The flow of cash to the state and federal governments from the North West Shelf, Australia’s largest oil and gas project, has been reduced by errors in the calculation of royalties, according to analysis into how these billions are calculated.
The Australian National Audit Office says here has been limited scrutiny of the billions of dollars in deductions claimed by the resources companies running the project to reduce revenue and the amount of royalties due.
“Some errors in the claiming of deductions have been identified, but the available evidence indicates that the problems are much greater than has yet been quantified,” the audit office says in the report of an investigation into North West Shelf royalty revenue. It has been 17 years since there has been an audit of the royalty calculations.

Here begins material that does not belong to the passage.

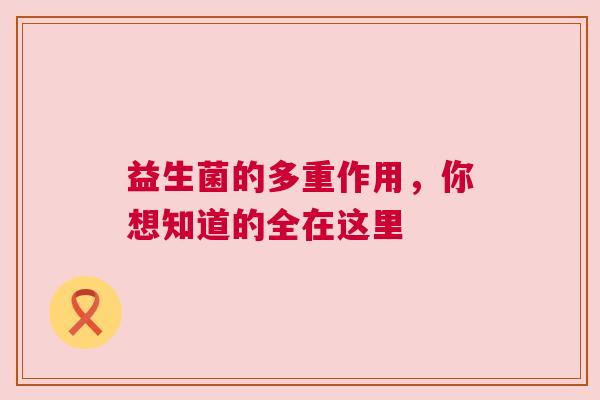 益生菌的多重作用，你想知道的全在这里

Treasurer Scott Morrison today announced a review of resources taxes and royalties in response. The Petroleum Resources Rent Tax has halved since 2012-13 to $800 million.

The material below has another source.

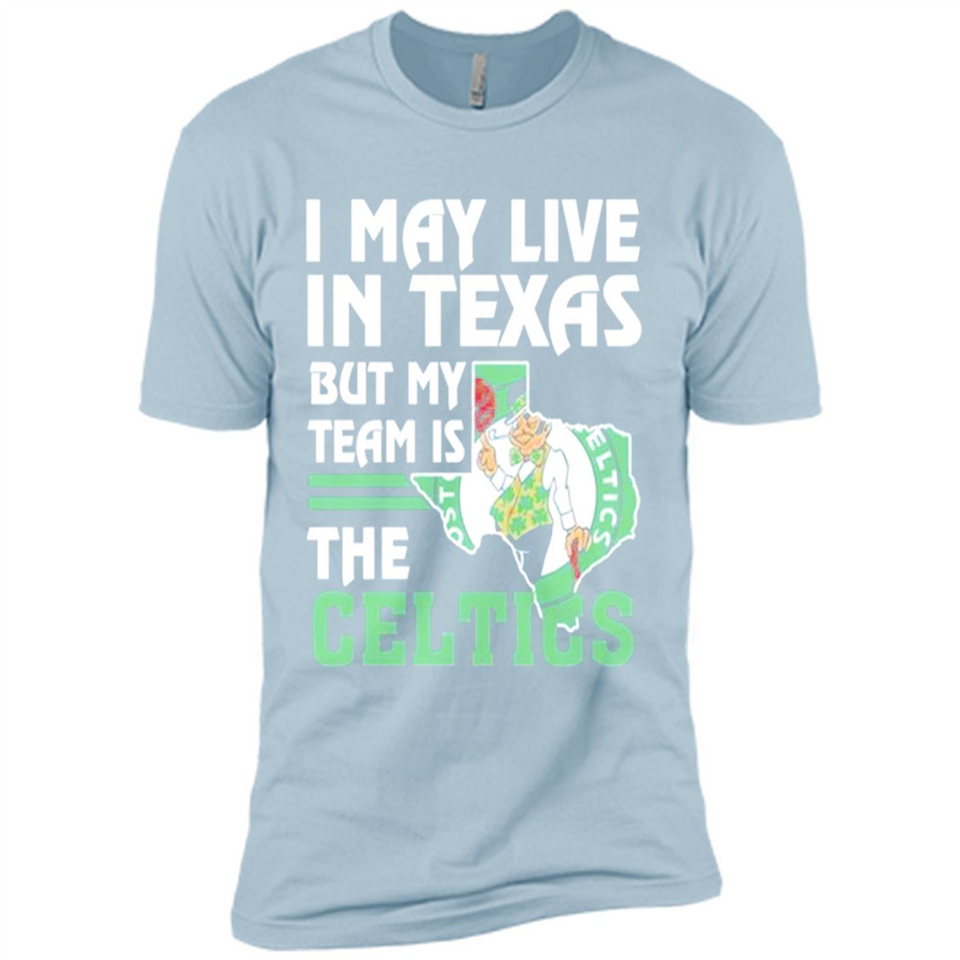 I May Live In Texas But My Team Is The Celtics - Premium Short Sleeve T-Shirt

“I anticipate that we will see a further deterioration potentially in this area and that’s why it’s important we address it,” Morrison said.

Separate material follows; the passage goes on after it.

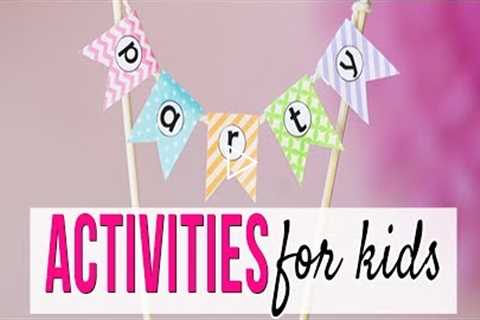 How to Plan Party Activities for Kids (with easy ideas, too!)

“We think it’s a problem, have already been working on it and this process will help us get to the right answer.”
He said the government was committed to ensuring Australia’s taxes are working as intended and companies pay the right amount of tax.
Australia’s federal budget is exposed to falls in commodity prices, reducing the royalties and taxes collected. Forecasts of a return to budget surpluses have been pushed further into the future as revenue expectations keep falling and public debt rises.
Citi analysts say: “This situation could of course have been managed by investing revenue increases during the commodity price boom in a dedicated fiscal stabilization fund.”
Revenue reported by producers from petroleum sales from the North West Shelf between July 2014 and December 2015 was $19.7 billion.
From this, $1.9 billion in royalties was collected. The Australian Government retained $0.6 billion (32.3%) and the remaining $1.3 billion (67.7%) was paid to Western Australia.
The amount of royalty paid is reduced by producers claiming “significant” deductions for operating costs and the depreciation of capital assets.
More than $5 billion of deductions were claimed against petroleum revenues in the 18 months to December 2015.
The $34 billion project is operated by Woodside and is jointly owned with BHP Petroleum, BP Developments, Chevron, Japan LNG and Shell.
The audit office says there are some significant shortcomings in the framework for calculating the royalties.
“The consolidated Royalty Schedule, which governs those calculations, has not been updated in the last 10 years,” the olffice says.
“In addition, the testing of the meters that are relied upon to identify production and allocate it to the appropriate field for royalty calculation purposes has not been sufficiently comprehensive or frequent.”
The Western Australian Government recently commissioned consultants to analyse capital and operating expenditure claimed by North West Shelf producers.
That report’s findings indicate that there is a risk of significant errors in the claiming of deductions, according to the audit office.
The producers have agreed that $8.6 million in royalties has been underpaid.
“But many matters identified by the consultants have not yet been addressed,” the audit office says.